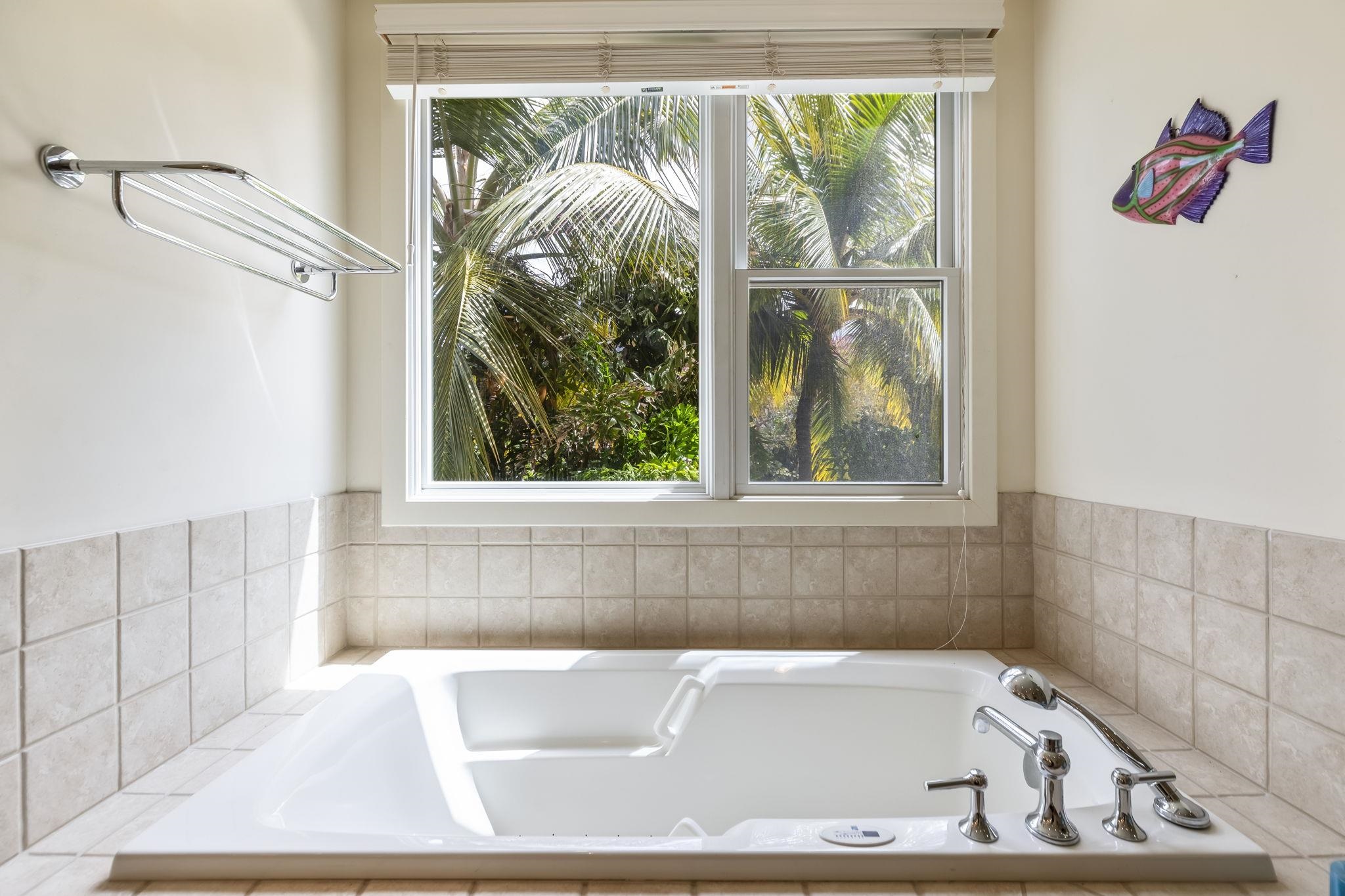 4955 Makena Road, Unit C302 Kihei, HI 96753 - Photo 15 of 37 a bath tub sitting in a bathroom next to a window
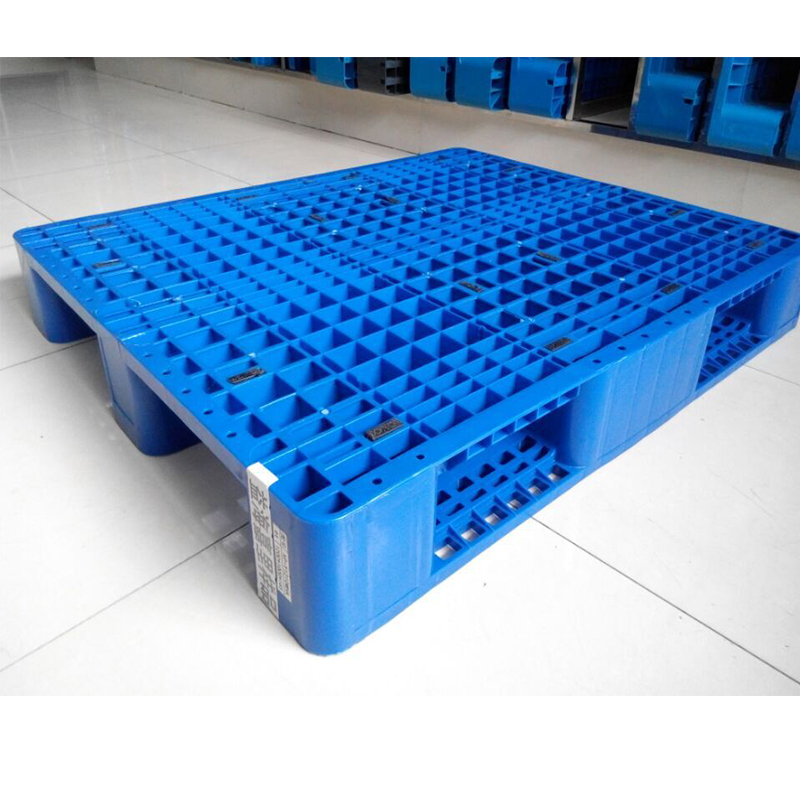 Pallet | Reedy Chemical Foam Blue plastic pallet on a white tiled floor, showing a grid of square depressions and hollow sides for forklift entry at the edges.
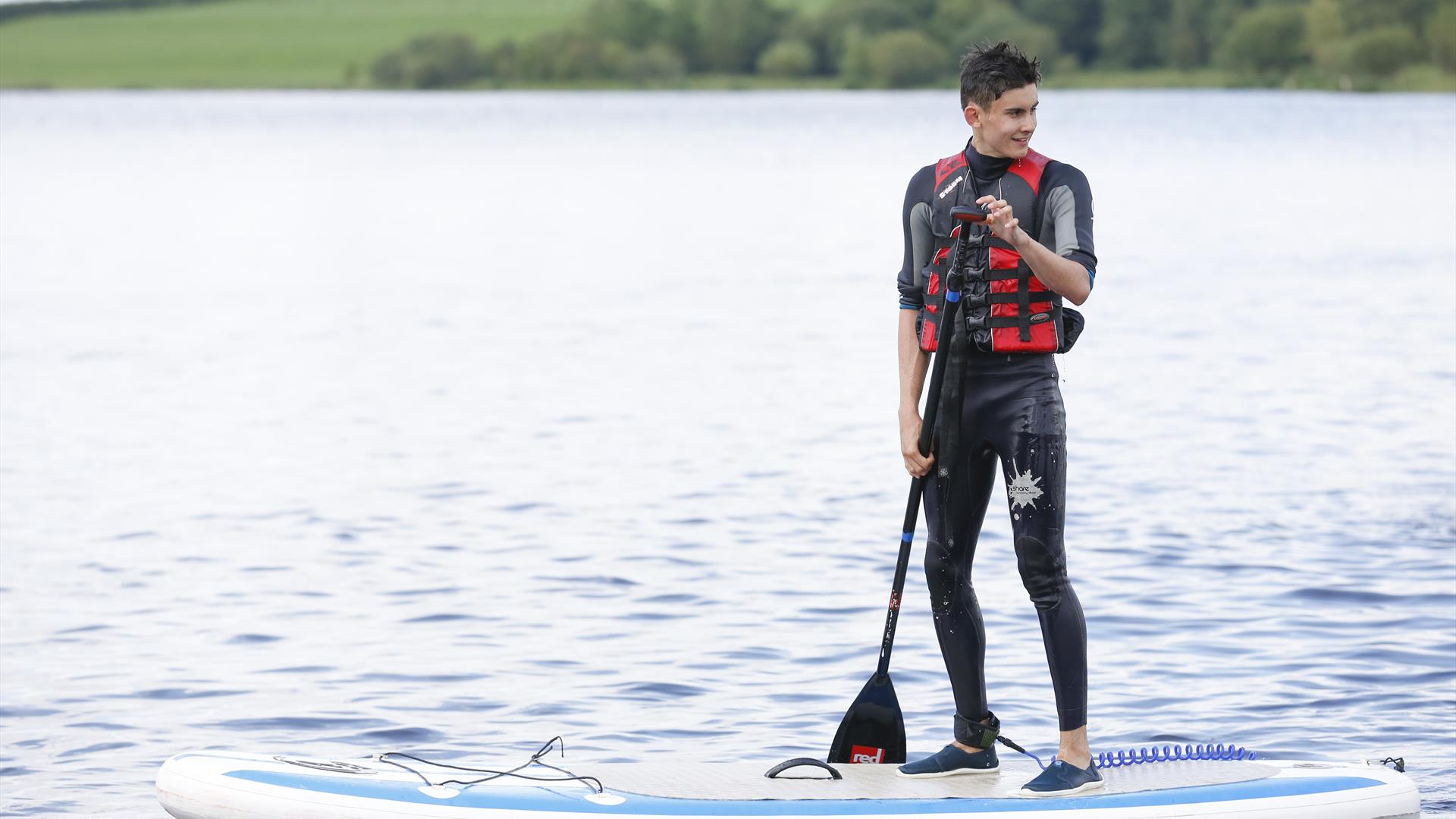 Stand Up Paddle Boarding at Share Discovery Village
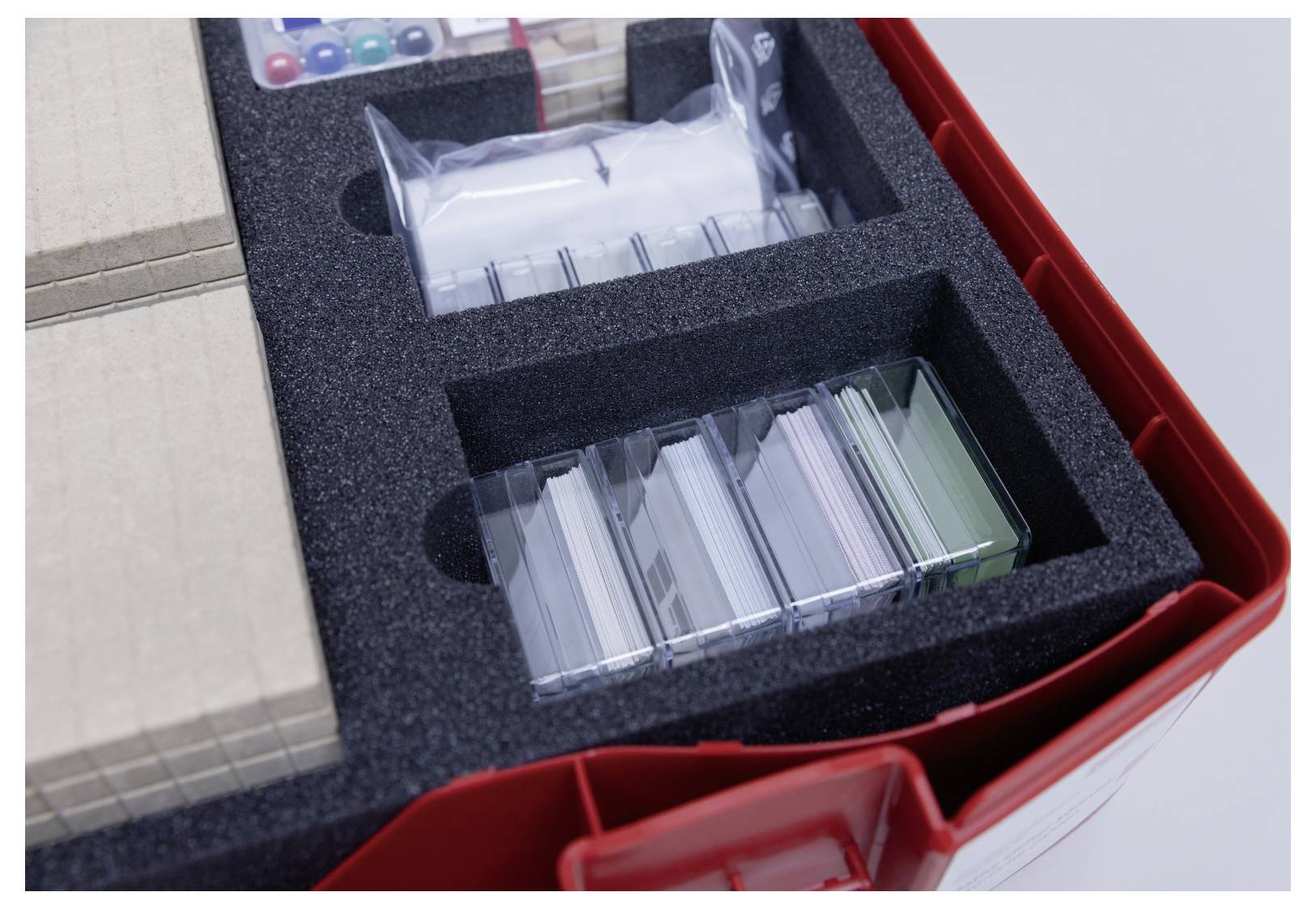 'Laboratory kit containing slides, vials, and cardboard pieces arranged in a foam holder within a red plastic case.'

◆ **Work to be completed**
Transcribe the listing above verbatim. No picture belongs in the result.

◆ **Answer to this exercise**
 4955 Makena Road, Unit C302 Kihei, HI 96753 - Photo 15 of 37 a bath tub sitting in a bathroom next to a window
 Pallet | Reedy Chemical Foam Blue plastic pallet on a white tiled floor, showing a grid of square depressions and hollow sides for forklift entry at the edges.
 Stand Up Paddle Boarding at Share Discovery Village
 'Laboratory kit containing slides, vials, and cardboard pieces arranged in a foam holder within a red plastic case.'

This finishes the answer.